RotoGrad

class rotograd.RotoGrad(backbone, heads, rotation_shape, *args, post_shape=(), normalize_losses=False, burn_in_period=20)[source]

Bases: RotateOnly

Implementation of RotoGrad as described in the original paper. [1]

Parameters:
  • backbone (Module) – Shared module.

  • heads (Sequence[Module]) – Task-specific modules.

  • rotation_shape (Union[int, Size]) – Shape of the shared representation to be rotated which, usually, is just the size of the backbone’s output. Passing a shape is useful, for example, if you want to rotate an image with shape width x height.

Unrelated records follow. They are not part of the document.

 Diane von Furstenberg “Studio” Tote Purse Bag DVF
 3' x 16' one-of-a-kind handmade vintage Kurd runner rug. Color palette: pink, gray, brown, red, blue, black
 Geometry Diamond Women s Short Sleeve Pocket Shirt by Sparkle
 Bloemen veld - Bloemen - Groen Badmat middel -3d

  • post_shape (optional, default=()) – Shape of the shared representation following the part to be rotated (if any). This part will be kept as it is. This is useful, for example, if you want to rotate only the channels of an image.

  • burn_in_period (optional, default=20) – When back-propagating towards the shared parameters, each task loss is normalized dividing by its initial value, \({L_k(t)}/{L_k(t_0 = 0)}\). This parameter sets a number of iterations after which the denominator will be replaced by the value of the loss at that iteration, that is, \(t_0 = burn\_in\_period\). This is done to overcome problems with losses quickly changing in the first iterations.

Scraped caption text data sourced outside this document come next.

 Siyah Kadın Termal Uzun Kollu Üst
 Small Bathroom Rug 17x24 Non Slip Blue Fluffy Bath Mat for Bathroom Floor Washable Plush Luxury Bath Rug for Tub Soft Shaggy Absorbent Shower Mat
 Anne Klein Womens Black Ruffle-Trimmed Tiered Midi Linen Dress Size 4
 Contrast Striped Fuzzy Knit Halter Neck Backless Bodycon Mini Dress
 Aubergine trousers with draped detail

  • normalize_losses (optional, default=False) – Whether to use this normalized losses to back-propagate through the task-specific parameters as well.

num_tasks

Number of tasks/heads of the module.

backbone

Shared module.

heads

Sequence with the (rotated) task-specific heads.

rep

Current output of the backbone (aft1er calling forward during training).

References

forward(x)

Forwards the input x through the backbone and all heads, returning a list with all the task predictions. It can be thought as something similar to:

preds = []
z = backbone(x)
for R_i, head in zip(rotations, heads):
    z_i = rotate(R_i, z)
    preds.append(head(z_i))
return preds
Return type:

Sequence[Any]

backward(losses, backbone_loss=None, **kwargs)

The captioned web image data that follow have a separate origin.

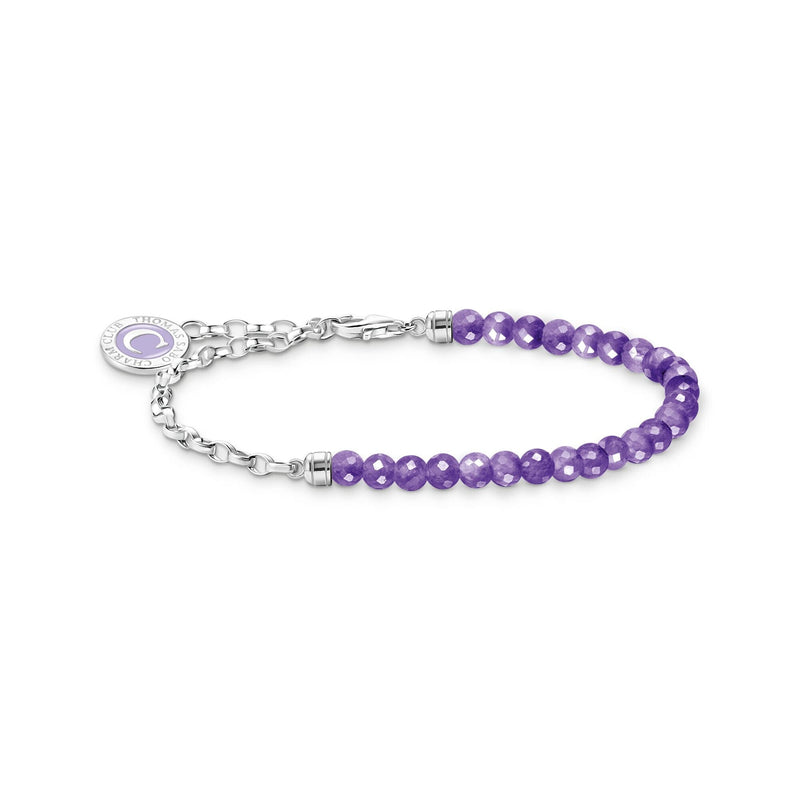 THOMAS SABO Silver Member Charm Bracelet with Violet Imitation Amethyst Beads Bracelets THOMAS SABO Charmista 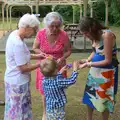 Fred shows off his creations, Bob and Bernice's 50th Wedding Anniversary, Hinton Admiral, Dorset - 25th July 2014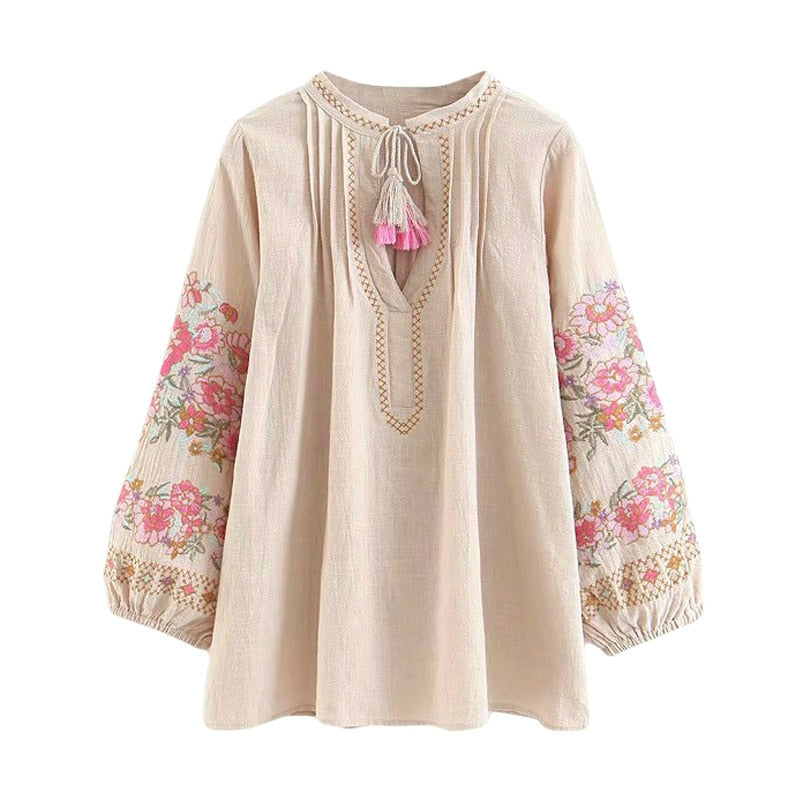 Vintage Chic Bohemian Tassel Top with Exquisite Floral Embroidery on Sleeves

Computes the backward computations for the entire model (that is, shared and specific modules). It also computes the gradients for the rotation matrices.

Parameters:
  • losses (Sequence[Tensor]) – Sequence of the task losses from which back-propagate.

  • backbone_loss – Loss exclusive for the backbone (for example, a regularization term).

Return type:

None

property rotation: Sequence[Tensor]

List of rotations matrices, one per task. These are trainable, make sure to call detach().